Hello Mark.  I KNOW we have hijacked Lee's thread ( sorry Lee ) and I also know he is aboard doing a VERY necessary job.  I thank you Lee for your commitment.  AND I know he isn't getting these sort of foods over there ( AGAIN, sorry Lee ).  I am a traditionalist.  I do potato salad, coleslaw, beans and Spanish rice with MOST of my cooks.  You have those recipes and as yet you have not been brave enough to try those beans.  Once you do you will not have Heinez baked beans ever again.  Did I steer you wrong with the potato salad?  But; YEHAW! here we go!  Go Mexican by adding cumin and a little chilli powder to the chicken, pull or slice the chicken.  Serve in flour tortillas with shredded lettuce, Pico De Gallo, and sour cream and guacamole.  Go Asian with some Asian spices and serve on top of rice and a veg stir fry.  How about a curry ( I DON'T DO CURRY, DON'T LIKE IT )?  Add curry spices to you chicken and serve over pilau rice with some naan bread.  How about Cajun:  Jambalaya, or a gumbo served over rice.  We can do soul food:  ( chicken should be fried but this will work great ) Smoked chicken, turnip greens ( spring greens will work fine ), black-eyed peas and cornbread.  If I can help with any recipes other than curries let me know.  Keep Smokin!

Danny


----------



## markuk (May 8, 2014)

Yep have done the beans before so think that's a good thing with a bit of salad and the pot salad

Might do the totiilos .. what I do with them is to heat them straight over the gas hob (or now on my gas grill side burner) for around 20 seconds each side just so they start to smoulder.... not a good idea to answer the phone when your doing that !


----------



## kc5tpy (May 8, 2014)

Hello Mark.  That heating method is the way it's done in Texas.  Low flame and keep an aluminium foil "envelope" to put them in and keep them warm, unless they are being eaten as fast as you make 'em.  
	

	
	
		
		



		
		
	


	





   Didn't know you had tried the beans, not the usual baked beans.  Hope you like 'em.  Keep Smokin!

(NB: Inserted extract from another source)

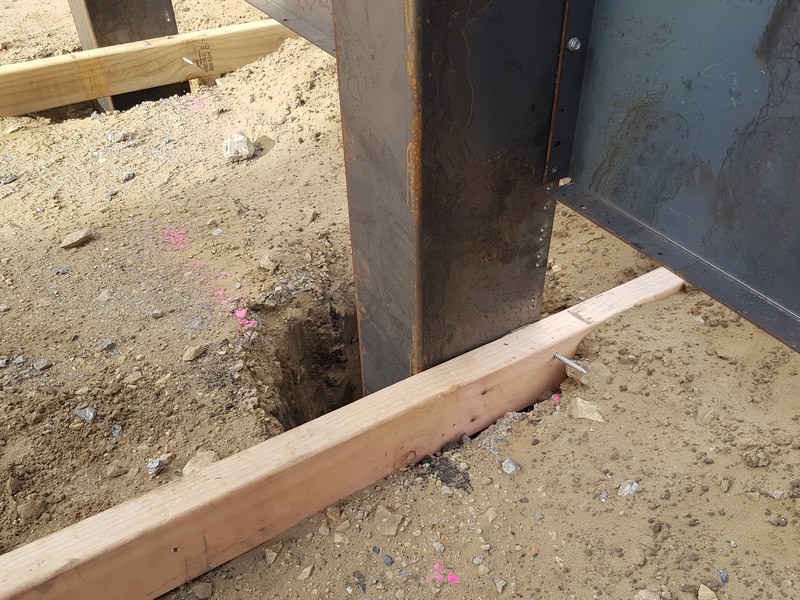 corten steel support post braced while concrete sets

Hello Lee.  Get home soon and safe and get that new brick smoker going!  Can't wait to see that baby in action!  Keep SAFE!

Danny


----------



## lee-warren (Jul 10, 2014)

Well what can i say, it's been far too long !! 
	

	
	
		
		



		
		
	


	





Sorry ladies and gents but my only excuse is that I've been working away and without an internet signal for some time, that said i'm here to try and redeem myself with an update and some photos of the new build that's now taking form.

So the story so far, initially i was simply having my garden redesigned to give the perimeter some strength and security in the form of a brick wall, brick piers and fence panels in-between. On top of this a brick shed is to be built a porch and many other factors to enhance this new project but without a second thought i suddenly thought food, alcohol and parties !!

With this now in mind the garden project suddenly took a back seat so to speak and i spent quite literally months reading the forums and threads here for relevant information and ideas. Knowing that this type of project had to be planned correctly from the word go i began sourcing all the parts that i needed such as bricks that could withstand great temperatures, cast iron doors, cast iron grills for the BBQ, a rotisserie, a pizza oven, heat resistant vermiculite board etc but most importantly a decent builder to put my plans into action.

Initially the build started four weeks late so i came home to see nothing had been started but to be honest this was actually a blessing in disguise as my father and another builder who may i add admitted he 'liked a challenge" stepped forward to offer his services, anyway i digress slightly but what i was saying is that there were so many questions, issues and problems that i really needed to be around and to facilitate them all.

The build itself hit a problem from the word go and that was that the pizza oven was huge so i had to rethink and design the plans which dampened my mood slightly after spending so long thinking and planning things through but that said and for what its worth, its coming along really well and i'm extremely happy with the results so far.

So some images then, before i do though i should mention that i don't have as many photos as i would like because my father and the new arrival Tim rattled through everything so damn quickly i didn't get a chance to keep up with its progress !!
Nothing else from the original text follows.